→ TASK BRIEF
Only a slice of the listing below is wanted. Retype the lines from the one containing "Green Tree with" through the one containing "Golden Rb+Grey Triple Cutdana Lace", exactly, both ends included.

→ EXTRACTED INFORMATION
☆ ☆ ☆ ☆
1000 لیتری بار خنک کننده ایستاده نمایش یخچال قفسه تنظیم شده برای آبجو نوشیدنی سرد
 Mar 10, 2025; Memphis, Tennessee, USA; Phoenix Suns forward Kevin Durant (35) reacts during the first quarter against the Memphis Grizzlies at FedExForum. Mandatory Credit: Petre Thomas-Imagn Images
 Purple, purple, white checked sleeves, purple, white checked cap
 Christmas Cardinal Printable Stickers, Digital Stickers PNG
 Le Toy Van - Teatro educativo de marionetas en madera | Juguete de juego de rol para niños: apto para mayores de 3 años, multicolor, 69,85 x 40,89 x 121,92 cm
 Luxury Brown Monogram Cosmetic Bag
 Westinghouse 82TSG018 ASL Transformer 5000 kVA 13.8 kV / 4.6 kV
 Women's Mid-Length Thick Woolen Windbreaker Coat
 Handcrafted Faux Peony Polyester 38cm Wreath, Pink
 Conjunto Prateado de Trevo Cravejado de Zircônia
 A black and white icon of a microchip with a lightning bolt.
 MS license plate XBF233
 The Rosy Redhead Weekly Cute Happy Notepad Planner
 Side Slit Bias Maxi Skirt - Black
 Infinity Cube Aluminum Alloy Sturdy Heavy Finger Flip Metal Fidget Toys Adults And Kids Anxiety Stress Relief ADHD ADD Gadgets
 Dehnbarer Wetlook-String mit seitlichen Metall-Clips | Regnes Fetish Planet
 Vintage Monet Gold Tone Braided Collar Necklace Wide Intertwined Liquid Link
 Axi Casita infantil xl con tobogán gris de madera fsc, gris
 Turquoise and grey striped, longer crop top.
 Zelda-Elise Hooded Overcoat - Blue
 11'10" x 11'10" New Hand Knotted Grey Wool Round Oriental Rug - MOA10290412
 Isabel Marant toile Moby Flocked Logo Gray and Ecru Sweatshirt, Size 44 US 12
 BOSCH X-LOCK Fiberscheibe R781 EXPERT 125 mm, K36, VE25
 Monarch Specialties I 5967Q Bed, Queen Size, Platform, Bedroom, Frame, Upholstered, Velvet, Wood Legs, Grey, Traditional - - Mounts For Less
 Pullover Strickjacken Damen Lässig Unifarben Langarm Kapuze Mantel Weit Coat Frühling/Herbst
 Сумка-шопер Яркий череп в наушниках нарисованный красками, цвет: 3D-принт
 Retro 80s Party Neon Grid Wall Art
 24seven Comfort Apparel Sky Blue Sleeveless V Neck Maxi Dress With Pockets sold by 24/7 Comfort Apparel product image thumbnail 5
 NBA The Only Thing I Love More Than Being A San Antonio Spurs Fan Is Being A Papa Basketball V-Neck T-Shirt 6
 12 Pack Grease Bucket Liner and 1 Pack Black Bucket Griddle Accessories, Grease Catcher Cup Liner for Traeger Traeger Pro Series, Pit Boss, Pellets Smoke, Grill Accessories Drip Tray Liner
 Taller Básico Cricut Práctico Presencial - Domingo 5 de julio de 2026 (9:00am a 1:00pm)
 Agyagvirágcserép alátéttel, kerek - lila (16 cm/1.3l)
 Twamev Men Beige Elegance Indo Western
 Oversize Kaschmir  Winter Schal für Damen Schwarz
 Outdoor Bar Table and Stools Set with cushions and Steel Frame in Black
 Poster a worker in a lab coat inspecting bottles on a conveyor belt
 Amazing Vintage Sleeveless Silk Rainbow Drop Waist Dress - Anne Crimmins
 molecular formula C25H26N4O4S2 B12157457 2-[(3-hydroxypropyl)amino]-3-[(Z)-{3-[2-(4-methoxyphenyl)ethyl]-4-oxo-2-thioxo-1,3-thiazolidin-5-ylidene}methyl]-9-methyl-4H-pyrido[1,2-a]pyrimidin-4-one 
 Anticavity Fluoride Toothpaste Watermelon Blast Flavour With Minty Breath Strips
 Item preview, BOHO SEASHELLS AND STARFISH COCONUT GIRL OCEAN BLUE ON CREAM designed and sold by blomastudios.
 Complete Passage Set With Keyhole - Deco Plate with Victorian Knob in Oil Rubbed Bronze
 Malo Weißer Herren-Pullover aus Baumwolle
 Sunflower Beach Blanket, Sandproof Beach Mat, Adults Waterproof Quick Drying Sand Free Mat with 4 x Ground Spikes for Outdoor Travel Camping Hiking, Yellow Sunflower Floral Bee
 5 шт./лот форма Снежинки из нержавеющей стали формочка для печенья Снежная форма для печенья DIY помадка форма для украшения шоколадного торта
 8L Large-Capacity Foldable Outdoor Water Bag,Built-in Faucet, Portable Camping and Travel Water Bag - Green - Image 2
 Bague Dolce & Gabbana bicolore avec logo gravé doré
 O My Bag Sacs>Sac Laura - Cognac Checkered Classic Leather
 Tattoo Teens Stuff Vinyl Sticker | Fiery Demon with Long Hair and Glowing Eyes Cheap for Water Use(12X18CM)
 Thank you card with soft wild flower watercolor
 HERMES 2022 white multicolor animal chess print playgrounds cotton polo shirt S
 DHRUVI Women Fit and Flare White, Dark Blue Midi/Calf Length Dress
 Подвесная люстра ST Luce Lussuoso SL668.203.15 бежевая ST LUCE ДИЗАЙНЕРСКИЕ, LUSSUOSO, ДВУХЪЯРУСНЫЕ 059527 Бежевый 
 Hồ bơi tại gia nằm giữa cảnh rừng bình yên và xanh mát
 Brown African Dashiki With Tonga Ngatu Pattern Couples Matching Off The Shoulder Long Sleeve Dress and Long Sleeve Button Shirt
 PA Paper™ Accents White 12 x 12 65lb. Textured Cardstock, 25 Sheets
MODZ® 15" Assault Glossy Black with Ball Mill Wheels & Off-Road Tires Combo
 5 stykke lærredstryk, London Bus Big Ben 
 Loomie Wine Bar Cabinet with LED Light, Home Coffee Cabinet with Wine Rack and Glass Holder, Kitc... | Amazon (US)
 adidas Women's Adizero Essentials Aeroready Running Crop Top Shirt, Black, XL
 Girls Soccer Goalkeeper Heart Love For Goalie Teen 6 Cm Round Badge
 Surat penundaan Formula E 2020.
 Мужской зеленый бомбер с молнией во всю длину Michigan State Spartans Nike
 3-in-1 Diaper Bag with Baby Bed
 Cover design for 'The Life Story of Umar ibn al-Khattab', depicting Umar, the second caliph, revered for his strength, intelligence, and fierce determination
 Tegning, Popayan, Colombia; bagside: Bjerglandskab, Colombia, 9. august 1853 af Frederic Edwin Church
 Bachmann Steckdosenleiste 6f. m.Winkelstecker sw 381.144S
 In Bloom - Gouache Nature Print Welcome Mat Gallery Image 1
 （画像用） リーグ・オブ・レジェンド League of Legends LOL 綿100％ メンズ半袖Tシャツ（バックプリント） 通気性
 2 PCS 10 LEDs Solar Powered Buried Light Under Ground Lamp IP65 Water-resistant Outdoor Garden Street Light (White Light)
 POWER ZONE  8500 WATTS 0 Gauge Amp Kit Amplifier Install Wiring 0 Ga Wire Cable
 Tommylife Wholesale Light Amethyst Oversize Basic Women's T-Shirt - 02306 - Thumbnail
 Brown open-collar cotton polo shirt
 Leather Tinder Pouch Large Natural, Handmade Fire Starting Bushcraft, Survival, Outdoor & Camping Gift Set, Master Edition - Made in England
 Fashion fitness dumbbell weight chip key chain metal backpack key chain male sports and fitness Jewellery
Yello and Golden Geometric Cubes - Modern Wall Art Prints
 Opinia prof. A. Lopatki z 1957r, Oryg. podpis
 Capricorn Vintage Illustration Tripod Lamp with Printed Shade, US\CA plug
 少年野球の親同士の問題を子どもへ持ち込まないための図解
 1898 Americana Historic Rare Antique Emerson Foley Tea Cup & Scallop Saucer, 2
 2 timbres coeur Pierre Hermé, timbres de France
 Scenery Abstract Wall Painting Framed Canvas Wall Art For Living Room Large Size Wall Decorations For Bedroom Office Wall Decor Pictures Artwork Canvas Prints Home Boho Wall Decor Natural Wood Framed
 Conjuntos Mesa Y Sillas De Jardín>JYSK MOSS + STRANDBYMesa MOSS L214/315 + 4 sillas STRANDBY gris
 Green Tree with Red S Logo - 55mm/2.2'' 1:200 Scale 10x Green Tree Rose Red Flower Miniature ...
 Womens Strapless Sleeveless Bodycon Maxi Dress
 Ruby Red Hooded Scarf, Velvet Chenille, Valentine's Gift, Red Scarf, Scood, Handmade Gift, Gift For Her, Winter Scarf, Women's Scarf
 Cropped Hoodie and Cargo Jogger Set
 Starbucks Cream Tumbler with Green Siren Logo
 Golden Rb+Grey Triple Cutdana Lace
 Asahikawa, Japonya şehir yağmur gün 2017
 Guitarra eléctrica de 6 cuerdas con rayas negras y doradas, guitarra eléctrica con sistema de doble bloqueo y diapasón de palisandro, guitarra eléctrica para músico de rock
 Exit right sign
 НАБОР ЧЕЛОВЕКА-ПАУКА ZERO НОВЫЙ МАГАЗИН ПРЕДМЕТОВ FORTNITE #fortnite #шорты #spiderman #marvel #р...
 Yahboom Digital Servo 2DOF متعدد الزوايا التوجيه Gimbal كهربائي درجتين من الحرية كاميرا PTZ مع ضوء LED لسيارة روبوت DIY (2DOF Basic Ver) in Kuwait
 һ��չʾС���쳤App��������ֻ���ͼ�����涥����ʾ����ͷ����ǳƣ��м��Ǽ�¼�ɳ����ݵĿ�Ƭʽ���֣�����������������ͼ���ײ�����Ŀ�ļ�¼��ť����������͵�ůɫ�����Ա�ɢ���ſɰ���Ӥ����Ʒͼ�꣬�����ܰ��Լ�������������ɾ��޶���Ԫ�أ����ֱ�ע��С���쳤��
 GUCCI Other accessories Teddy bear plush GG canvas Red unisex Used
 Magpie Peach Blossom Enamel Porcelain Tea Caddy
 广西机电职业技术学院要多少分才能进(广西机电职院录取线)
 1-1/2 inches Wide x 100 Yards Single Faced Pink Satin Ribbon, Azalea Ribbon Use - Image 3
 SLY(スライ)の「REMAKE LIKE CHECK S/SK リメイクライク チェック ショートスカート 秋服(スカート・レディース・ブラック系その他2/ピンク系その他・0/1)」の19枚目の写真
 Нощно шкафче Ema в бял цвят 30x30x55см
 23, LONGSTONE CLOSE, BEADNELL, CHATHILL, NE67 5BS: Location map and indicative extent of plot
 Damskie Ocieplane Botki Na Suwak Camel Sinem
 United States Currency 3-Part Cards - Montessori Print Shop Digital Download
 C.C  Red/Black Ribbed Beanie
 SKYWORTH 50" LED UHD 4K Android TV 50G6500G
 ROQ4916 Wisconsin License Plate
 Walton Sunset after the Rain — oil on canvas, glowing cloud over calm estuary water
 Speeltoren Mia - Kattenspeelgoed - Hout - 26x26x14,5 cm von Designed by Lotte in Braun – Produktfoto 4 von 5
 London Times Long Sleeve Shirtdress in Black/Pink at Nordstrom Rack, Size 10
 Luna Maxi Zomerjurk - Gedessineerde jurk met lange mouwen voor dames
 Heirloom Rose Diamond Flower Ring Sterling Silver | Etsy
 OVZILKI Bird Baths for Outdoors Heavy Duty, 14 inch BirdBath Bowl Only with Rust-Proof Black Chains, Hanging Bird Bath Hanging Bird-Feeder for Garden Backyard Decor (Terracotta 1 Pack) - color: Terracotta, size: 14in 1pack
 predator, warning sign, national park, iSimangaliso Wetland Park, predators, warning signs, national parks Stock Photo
☆ ☆ ☆ ☆
→ ANSWER TO THE EXERCISE
 Green Tree with Red S Logo - 55mm/2.2'' 1:200 Scale 10x Green Tree Rose Red Flower Miniature ...
 Womens Strapless Sleeveless Bodycon Maxi Dress
 Ruby Red Hooded Scarf, Velvet Chenille, Valentine's Gift, Red Scarf, Scood, Handmade Gift, Gift For Her, Winter Scarf, Women's Scarf
 Cropped Hoodie and Cargo Jogger Set
 Starbucks Cream Tumbler with Green Siren Logo
 Golden Rb+Grey Triple Cutdana Lace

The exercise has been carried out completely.